So... 3D-Gabel mit 140mm Schaft und 135mm Flip Flop Schaftvorbau klargemacht.  Kommen aus UK, dauert also noch... Beiden sind fällig für nen Repaint, wird dann aber bei Gelegenheit des Rahmens lackiert. 

Die Yeti ARCs sind optisch ein Hammer. Ich kann nicht ausschließen, dass sie mich für das Schema gelb-türkis inspiriert haben. Ein Yeti-Kopie oder Hommage will ich aber aus verschiedenen Gründen nicht. Ein Psyclone ist m E besonderer. 

@ Gerrit
Ich werde auf jeden Fall viel mit schwarzen, gelben und türkisen Anbauteilen experimentieren.

Das Xizang wird gerade verändert: Judy weg, schwarze Bologna her. Zudem Skinwalls, ein schwarzer King und ein Flite Evo 1. 


Edit: der GT Flip-Flop-Vorbau besteht aus dem Vorbau und einem entfernbaren Schaft. Weiß jemand, ob ich auch den Ahead-Ringle mit dem Schaft benutzen kann? Oder bräuchte ich schon einen "richtigen" Ahead-Adapter.

Edit: je länger ich mir die Kombi türkiser Steuersatz und türkiser Vorbau angucke, denke ich, dass ein schwarzer Steuersatz besser käme. Dann würde ich das gelb - schwarz - türkis vom Sattelbereich wieder aufnehmen. Der türkise Vorbau hat es mir aber schon angetan. Den würde ich ggf. mit Ahead-Adapter oder diesem Flip-Flop-Schaft fahren.


----------



## Rahbari (21. Februar 2012)

Leider hat sich die angebliche 3D-Gabel als 2x4-Gabel rausgestellt. Mal sehen, ob ich jemanden zum tauschen finde.


----------



## Manni1599 (21. Februar 2012)

Hi,

Gehts da ums Gewicht? Vom Design her ist da ja kaum ein Unterschied. Der Unterschied ist imho nur die Laufradaufnahme. 3D hat 3 kleine Ausbuchtungen und 2X4 wird mit einer langen Schraube von hinten eingestellt. Die 2X4 würde deshalb auch super zu den Ausfallenden des Rahmens passen.

Ausserdem ist die ja uch ganz schön was Wert, glaube ich.


----------



## Rahbari (21. Februar 2012)

Nee, es geht nicht ums Gewicht, sondern nur um die Time-Correctness. In der Tat ist die Bauweise sehr ähnlich - sonst hätte der Verkäufer die auch nicht vertauscht. Aber Dein Gedanke, dass die 2x4 die verstellbaren Ausfallenende am Hinterrad quasi spiegeln würde, finde ich sehr interessant.
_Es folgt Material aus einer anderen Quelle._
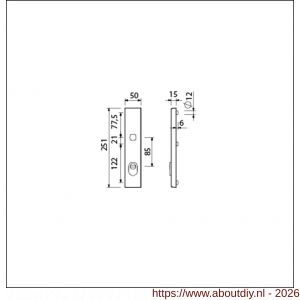 Ami VHB 251/15 KT veiligheidslangschild SKG*** kerntrekbeveiliging buitenlangschild 251/50/15 KT 85 mm F1 - A10901491 - afbeelding 2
Was soll ich machen: die 2x4 erstmal nehmen und - falls sich in den nächsten 2 Wochen keine bezahlbare 3D findet - die 2x4 lackieren? Wenn dann aber die Time-Correctness futsch ist, kann ich auch gleich auf die Bologna umsteigen. Da spare ich ne Menge Gewicht und habe vor allen Dingen auch nicht mehr dieses Problem mit Steuersatz, Vorbau etc.


----------



## MTB-News.de




----------



## Rahbari (21. Februar 2012)

In meinem ersten Post hatte ich etwas zur Geschichte des Psyclones geschrieben. Danach gab es 1991 einen Vorgänger names Cyclone und im gleichen Jahr davor einen unbenannten Stahlrahmen. Verwendet wurde Stahl von True Temper.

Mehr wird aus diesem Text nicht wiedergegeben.